> _Task details_
When you reach the line holding "SMALLBOOBSXX online show", please begin to restate the lines word for word and continue through the last one in the material, excluding pictures.

> _Available data_

Segment Open

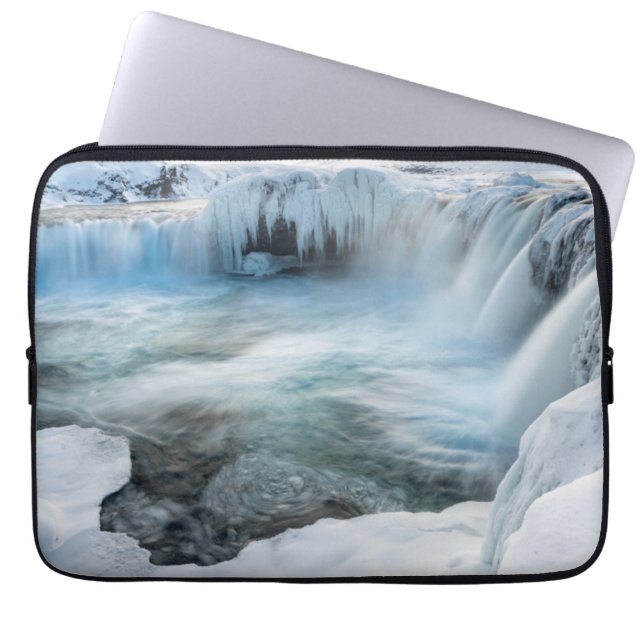 Capa Para Notebook Catarata Godafoss, inverno, Islândia 2 (Frente)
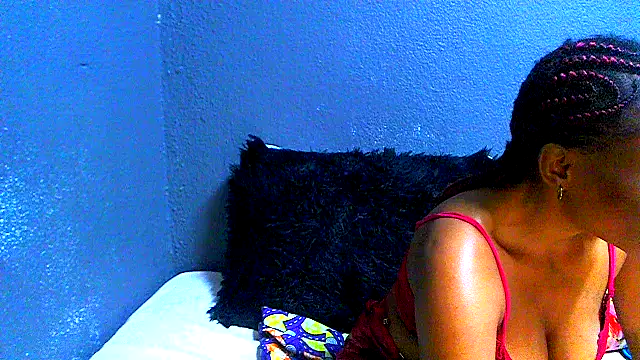 SMALLBOOBSXX online show from July 2026 05:38:01 PM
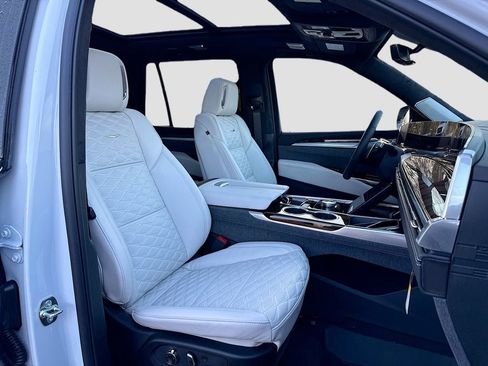 New 2026 Cadillac Escalade Platinum Sport w/ LPO, ONYX Package AWD/4WD image 33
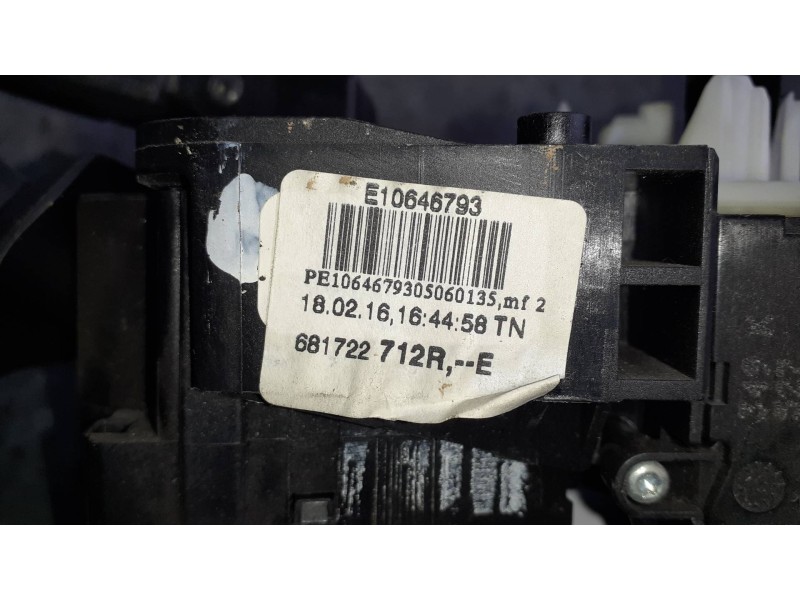 Recambio de mando multifuncion para dacia sandero referencia OEM IAM 681722712R E10645396RS E10645650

Segment Closed

> _Solved problem_
 SMALLBOOBSXX online show from July 2026 05:38:01 PM
 New 2026 Cadillac Escalade Platinum Sport w/ LPO, ONYX Package AWD/4WD image 33
 Recambio de mando multifuncion para dacia sandero referencia OEM IAM 681722712R E10645396RS E10645650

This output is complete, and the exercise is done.